Web page caption snippets:
------------------------------------------------

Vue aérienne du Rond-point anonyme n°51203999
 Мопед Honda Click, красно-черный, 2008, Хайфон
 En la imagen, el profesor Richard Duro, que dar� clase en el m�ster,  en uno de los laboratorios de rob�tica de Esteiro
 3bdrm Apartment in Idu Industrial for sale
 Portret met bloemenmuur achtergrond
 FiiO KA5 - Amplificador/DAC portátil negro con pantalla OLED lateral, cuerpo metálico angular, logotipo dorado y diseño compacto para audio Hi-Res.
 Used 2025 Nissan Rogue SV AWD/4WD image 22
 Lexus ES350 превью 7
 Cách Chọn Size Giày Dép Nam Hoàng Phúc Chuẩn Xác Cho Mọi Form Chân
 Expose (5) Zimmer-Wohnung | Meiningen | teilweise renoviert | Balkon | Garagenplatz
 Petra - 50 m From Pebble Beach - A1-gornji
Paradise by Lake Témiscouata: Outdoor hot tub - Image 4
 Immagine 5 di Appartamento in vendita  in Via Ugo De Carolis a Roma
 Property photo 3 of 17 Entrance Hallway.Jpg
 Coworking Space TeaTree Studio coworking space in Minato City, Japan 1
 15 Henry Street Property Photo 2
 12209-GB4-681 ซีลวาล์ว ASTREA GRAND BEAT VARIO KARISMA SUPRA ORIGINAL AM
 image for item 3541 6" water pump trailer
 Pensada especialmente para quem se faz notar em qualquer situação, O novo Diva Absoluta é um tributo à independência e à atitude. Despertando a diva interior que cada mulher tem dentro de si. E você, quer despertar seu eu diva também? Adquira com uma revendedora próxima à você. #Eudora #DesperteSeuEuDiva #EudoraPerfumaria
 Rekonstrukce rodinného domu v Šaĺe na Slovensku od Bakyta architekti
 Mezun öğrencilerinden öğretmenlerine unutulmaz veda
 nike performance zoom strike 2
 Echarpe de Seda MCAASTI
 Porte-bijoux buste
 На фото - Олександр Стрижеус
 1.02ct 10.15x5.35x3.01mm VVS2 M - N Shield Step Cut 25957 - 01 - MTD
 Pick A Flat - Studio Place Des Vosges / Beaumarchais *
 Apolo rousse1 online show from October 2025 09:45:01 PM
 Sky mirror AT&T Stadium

------------------------------------------------

## Task
Your response should contain each line of the entries above that holds the string "Studio".

## Answer space
 Coworking Space TeaTree Studio coworking space in Minato City, Japan 1
 Pick A Flat - Studio Place Des Vosges / Beaumarchais *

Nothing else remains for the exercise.